Король замолчал, отдыхая. Кругом царило безмолвие.
Но вот опять, нарушая тишину, уже громче послышался прежний странный лязг и грохот.
Молоток звонаря гремел всё громче на высокой колокольне.
На гномов повеяло холодом — тенью, мраком, суровой зимой, и они вздрогнули.
Король снова заговорил:
— Вон закат озарил клочок земли, прежде заброшенный, а теперь возделанный и засеянный. И радость озарила душу пахаря, потрудившегося на своей ниве.
Это вы помогли ему.
Вон мелькают головки его детей: раньше они были поникшие, а теперь воспряли, раньше глазки их туманила печаль, а теперь они повеселели. Тьма, теснившая их, рассеялась, и воссиял свет.
Где был голод, будет вдоволь хлеба, где царила ночь, настало утро.
И вы помогли возжечь этот свет.
А вон сиротка, кроткая, как агнец, безутешная, как горлинка, лишившаяся гнездышка. Она вновь обрела кров, ее, как родную, приняли в семью. И счастье вошло с нею в дом, как благоуханный цветок.
И вы немало потрудились для этого доброго дела!
Король замолчал. Наступила тишина.
И в этой тишине трижды ударил колокол. Три звонких удара возвестили об окончании работы.
Старый король повернул седую голову и прислушался. Насторожились и гномы.
Из лесу дохнуло холодом, и гномов объяла дрожь. Глаза у них погасли, улыбка сбежала с губ, руки опустились.
Всем вспомнилось древнее пророчество: со звоном колокола должны они удалиться под землю.
Но король спокойно продолжал свою речь:
— Братья, мы потеряли нашего товарища — учёного летописца Чудилу-Мудрилу. Он покинул нас и отправился искать по свету славу. Не нам его судить. Пусть идёт за своей звездой. А мы провели здесь немало чудесных минут. Да будет счастлив этот уголок!
— Да будет счастлив! — хором отозвалась верная дружина.
Стало тихо.
Седовласый король воздел руки и простер их над затихшей долиной.
И в румяном от зари воздухе замелькали сотни рук, благословляя этот уголок земли, над которым лучезарной звездой мерцал королевский скипетр.
Огромное солнце тихо опускалось за горизонт.
— Прекрасный закат! — молвил король.
— Прекрасный закат! — откликнулись гномы.
И зазвонили колокола…
Далеко-далеко, высоко-высоко загудел колокольный звон, разносясь над лесами, полями и лугами. Цветы и травы, вздрагивая, внимали ему, а он широко и вольно плыл в необъятном просторе, в бескрайней вечерней тишине…

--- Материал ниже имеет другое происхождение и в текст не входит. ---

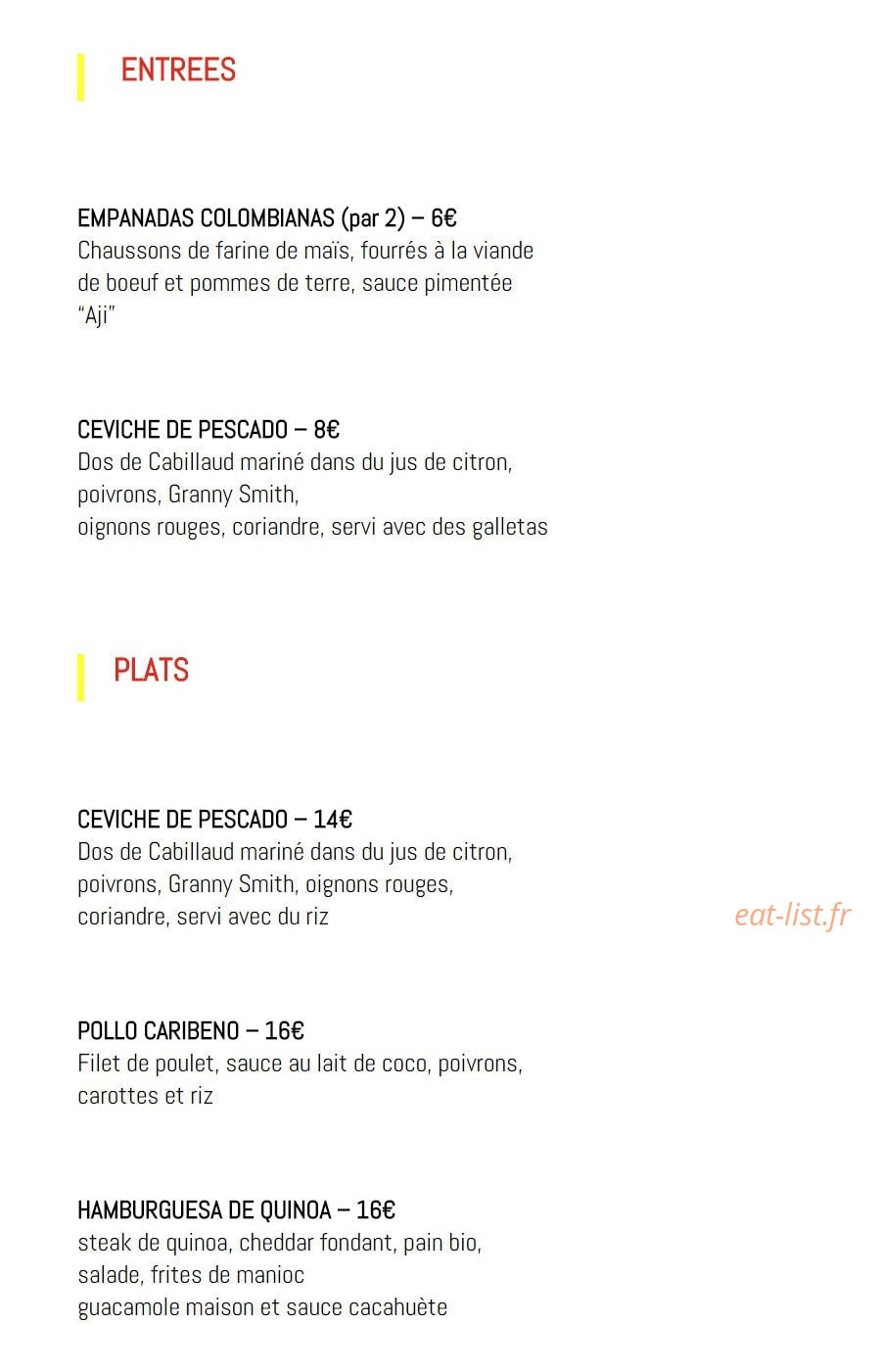 El Cafetero — carte page 1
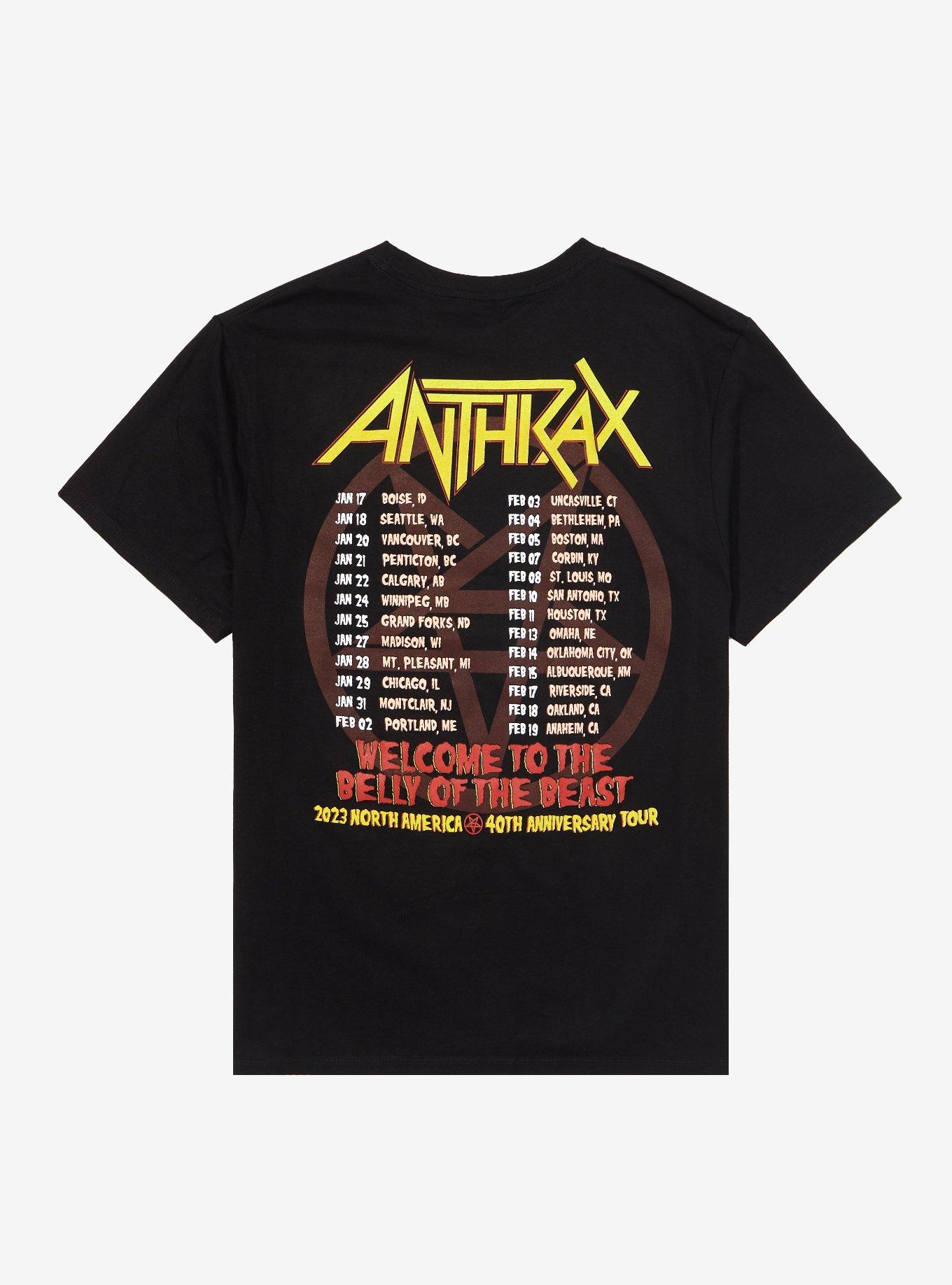 Anthrax 40th Anniversary Tour T-Shirt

И тут яркие, пестрые наряды гномов стали блекнуть — так в безветренное сентябрьское утро, голубое и солнечное, с деревьев начинают осыпаться золотые листья.

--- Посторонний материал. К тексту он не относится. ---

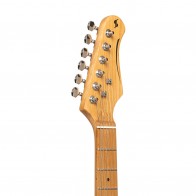 Elektriskā ģitāra Stagg SET-PLUS BK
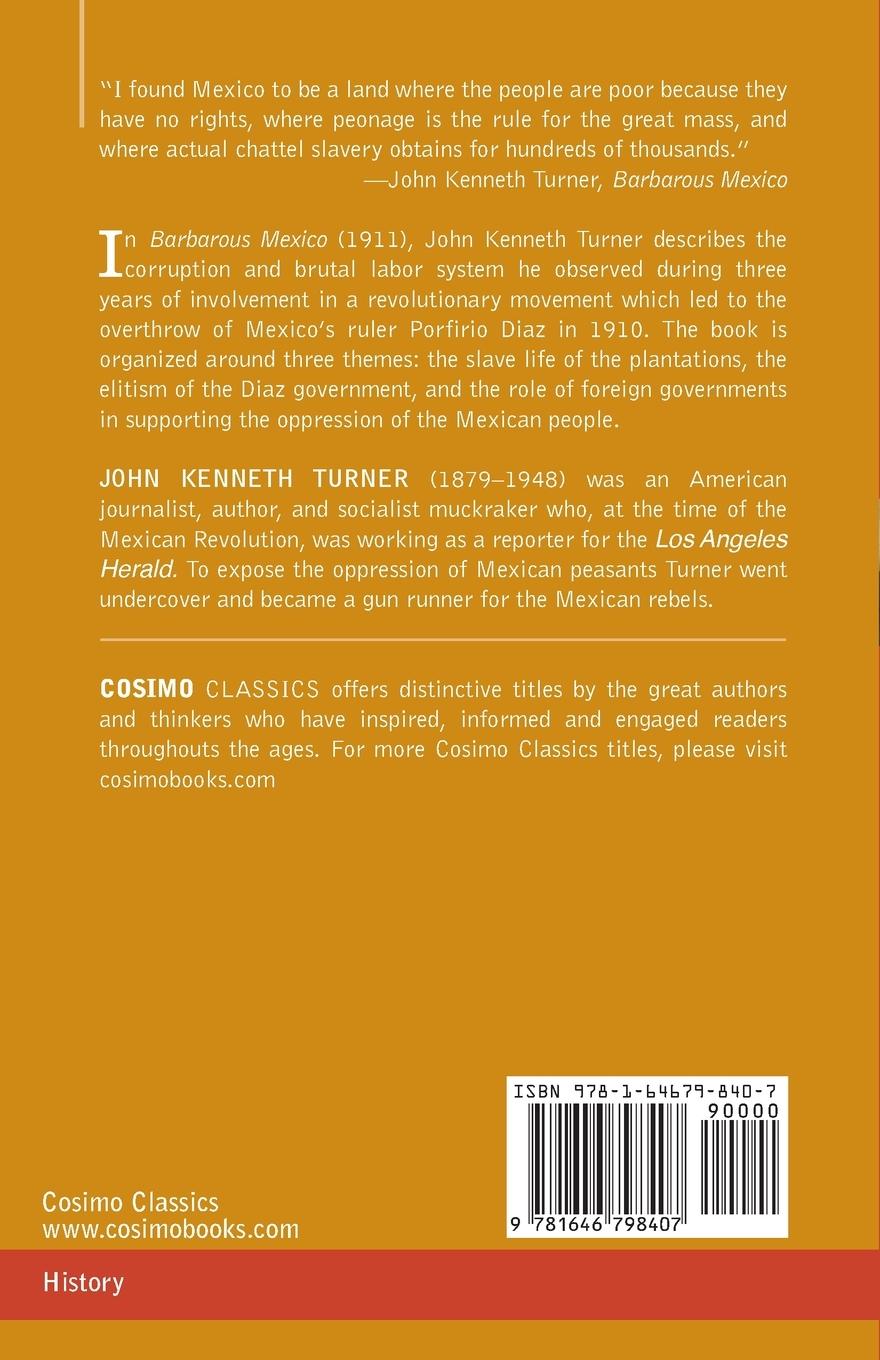 Rückseitencover Barbarous Mexico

Пригорок, трон, седобородый король и вся дружина расплылись, улетучились, как туман.
Колокола звонили. Солнце угасало.
Листья, порхая в воздухе, посыпались на землю и скрыли пригорок, на котором только что стояли гномы.
Они вернутся опять — но не раньше, чем засияет весеннее солнышко.

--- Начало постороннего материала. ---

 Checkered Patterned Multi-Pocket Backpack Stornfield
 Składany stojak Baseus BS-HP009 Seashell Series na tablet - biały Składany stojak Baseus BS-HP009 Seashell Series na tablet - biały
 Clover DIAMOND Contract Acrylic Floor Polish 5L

Из всего племени гномов один только Чудило-Мудрило остался на земле, опоздав на сход.
Старенький, одинокий, тихо бродит он по снегу лунными ночами, подставляя под серебряные лучи озябшие руки.
Один седой Чудило-Мудрило ходит по свету в своём колпачке и кафтане и топорщит косматые брови. На поясе у него связка ключей — он запирает на замок колокольчики и ландыши, чтобы они не будили спящие луга и леса.
Один Чудило-Мудрило бродит по свету, нижет из инея жемчужные бусы. О славе он больше не помышляет; ведь это она отравила честолюбием его душу и стала причиной всех бед.
Присмиревший, притихший бродит он по свету, не важничает и всякую тварь жалеет.
Тяжёлые минуты пережил он, услышав от Сарабанды, что гномы, спасаясь от морозов, скрылись под землю.
Но потом смирился со своей участью и частенько сиживал с маленьким музыкантом под старым дубом, слушая его песни.
Своей многотомной «Истории гномов» он, наверное, так никогда и не напишет.
Но кому нужна книга, которую огонь может сжечь, а ветер развеять?
Он пишет другую, лучшую книгу — живую.
Сядет у кроватки и рассказывает детям, когда им не спится, про короля Светлячка, про его мантию, золотую корону и скипетр с сияющим брильянтом, про Хрустальный Грот, мечи, щиты и латы; вспоминает о великом весеннем походе на Петровой телеге, о кладах, о своих верных товарищах — гномах и о сиротке Марысе.
Как-то долгой зимней ночью рассказал он и мне эту историю, а я её записала.